> Required work:
Exclude the images and transcribe the entries below precisely.

Segment Start: Records for the exercise

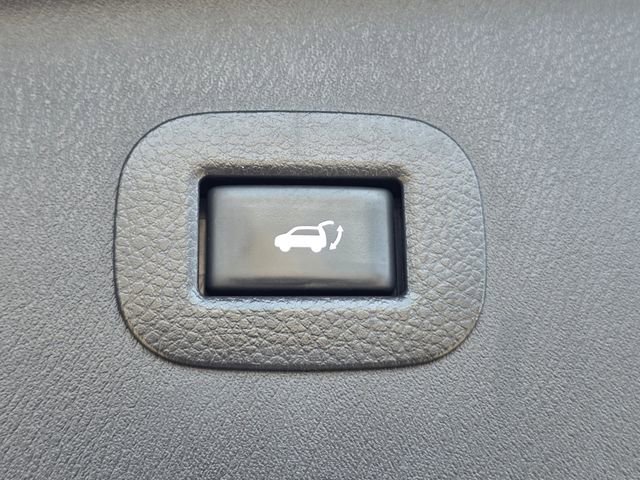 Used 2020 Nissan Armada Platinum w/ Interior Lighting Package image 11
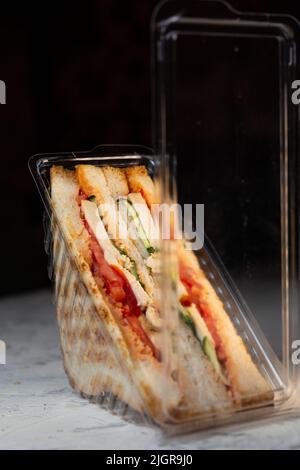 Toast-Sandwich mit Füllung in einer Kunststoffbox. Stockfoto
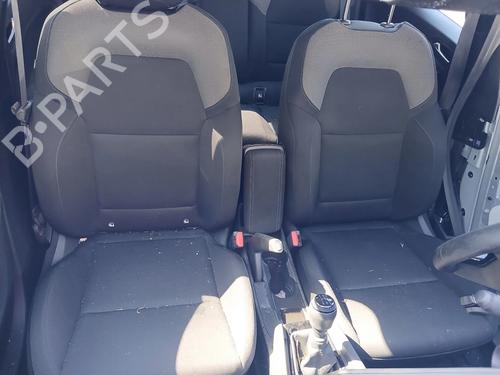 Andre Andre RENAULT CLIO V (B7_) 1.0 SCe 65 (B7MG) (67 hp) 39719338 39719338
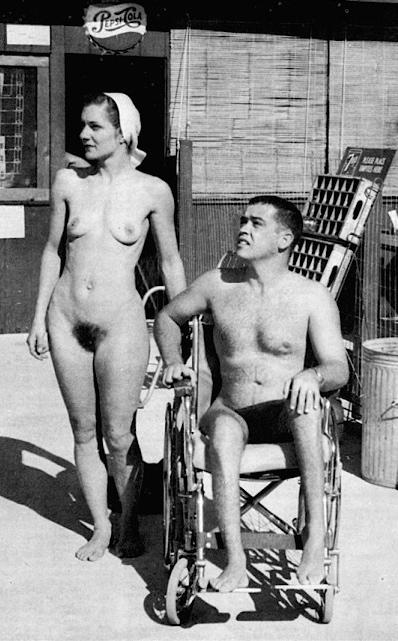 Vintage nudist  Retro glamorous bare amateur's fanny, tits,.. Photo 1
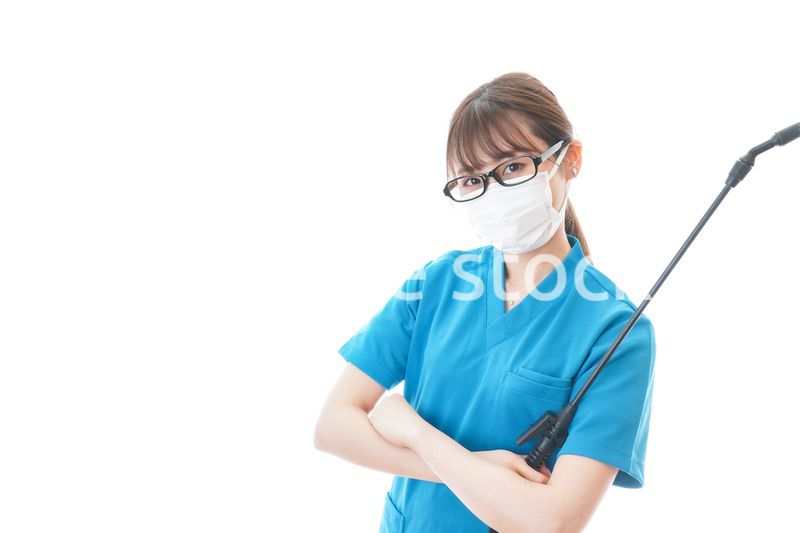 腕を組み消毒作業を行う医療従事者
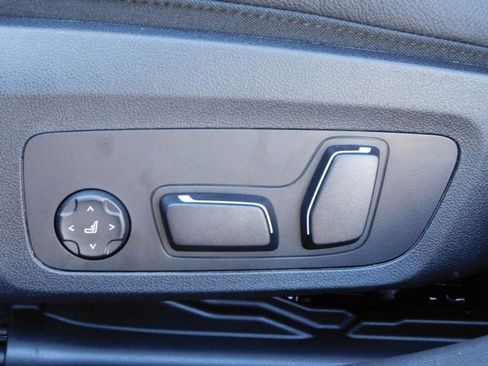 New 2025 BMW 330i xDrive Sedan w/ M Sport Package image 11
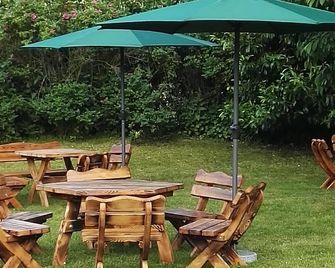 Holiday flat 'Juliusruh' with own parking space - Breege - Innenhof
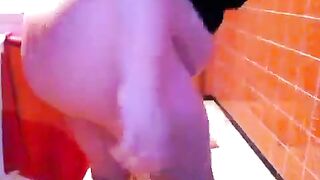 Fat Mature Dirty Lady Shitting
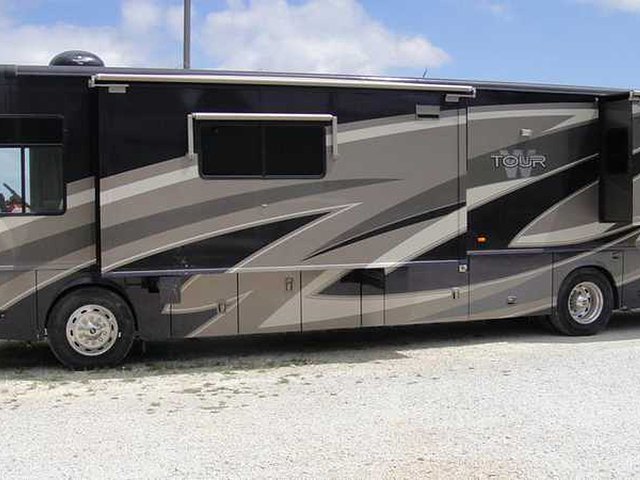 2008 Winnebago Tour Photo
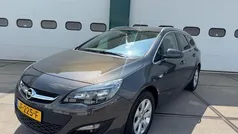 Grijs Gebruikt 2016 Opel Astra Edition Stationwagen | € 8.925 (Goede deal)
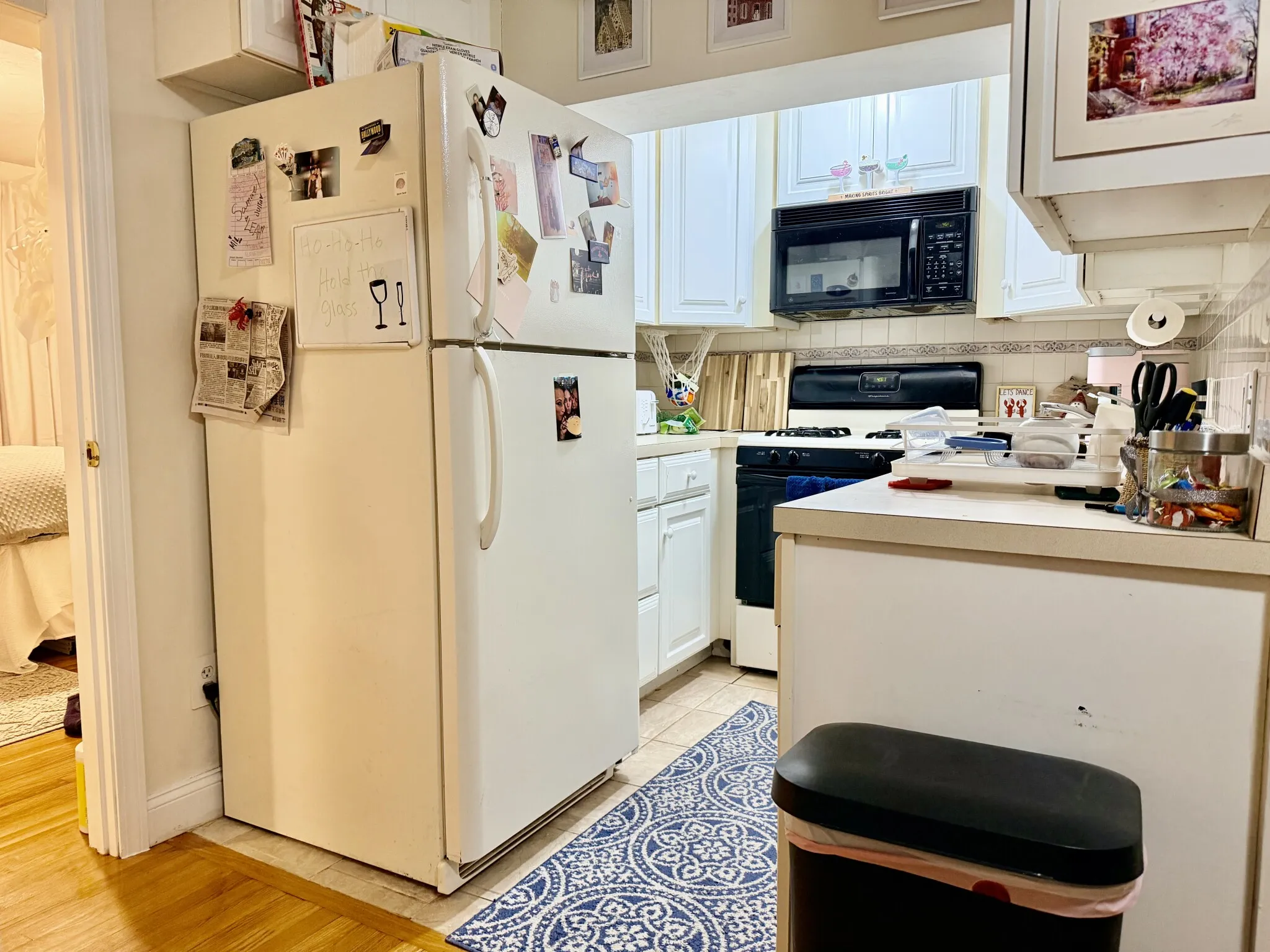 3 bed, 1 bath apartment for rent at 1122 Commonwealth Ave Unit 7, Allston — photo 1 of 13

Segment End: Records for the exercise

> Task result:
 Used 2020 Nissan Armada Platinum w/ Interior Lighting Package image 11
 Toast-Sandwich mit Füllung in einer Kunststoffbox. Stockfoto
 Andre Andre RENAULT CLIO V (B7_) 1.0 SCe 65 (B7MG) (67 hp) 39719338 39719338
 Vintage nudist  Retro glamorous bare amateur's fanny, tits,.. Photo 1
 腕を組み消毒作業を行う医療従事者
 New 2025 BMW 330i xDrive Sedan w/ M Sport Package image 11
 Holiday flat 'Juliusruh' with own parking space - Breege - Innenhof
 Fat Mature Dirty Lady Shitting
 2008 Winnebago Tour Photo
 Grijs Gebruikt 2016 Opel Astra Edition Stationwagen | € 8.925 (Goede deal)
 3 bed, 1 bath apartment for rent at 1122 Commonwealth Ave Unit 7, Allston — photo 1 of 13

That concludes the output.